Human ignorance, sadly, isn't limited to planet Earth. Even today, over 400 years after the Age of Enlightenment began, plenty of people are still getting plenty of stuff wrong--not just about our home planet, but about the whole universe. Luckily, Jeopardy!s Ken Jennings is the author of a new book about the mysteries of the cosmos, the Junior Genius Guide to Outer Space. In this month's Debunker columns, he'll set us straight on a whole sky full of starry slip-ups. These are some misconceptions of truly astronomical proportion.
The Debunker: Star Myth #1: Is the Big Dipper a Constellation?

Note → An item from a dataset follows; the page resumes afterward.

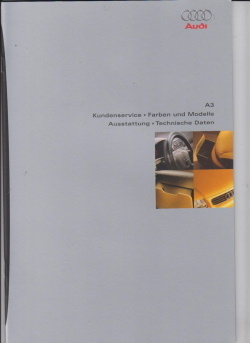 Audi A3 Farbkarte Technik 1998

Ask someone to name a constellation in the night sky, and odds are most of them will first think of the Big Dipper, the seven bright stars that gleam overhead on summer nights in an unmistakable sickle-shaped pattern. The Big Dipper has helped humans navigate for millennia by pointing the way to Polaris, the North Star. Virtually every culture had its own name for the Dipper, from the "Drinking Gourd" of West Africa to the "Seven Gods" of Mongolia to the "Charles' Wagon" of the Vikings. It's iconic enough to have been borrowed for the corporate logo of Iridium Communications and on the state flag of Alaska. But the world's most famous constellation isn't actually a constellation at all. It's an asterism.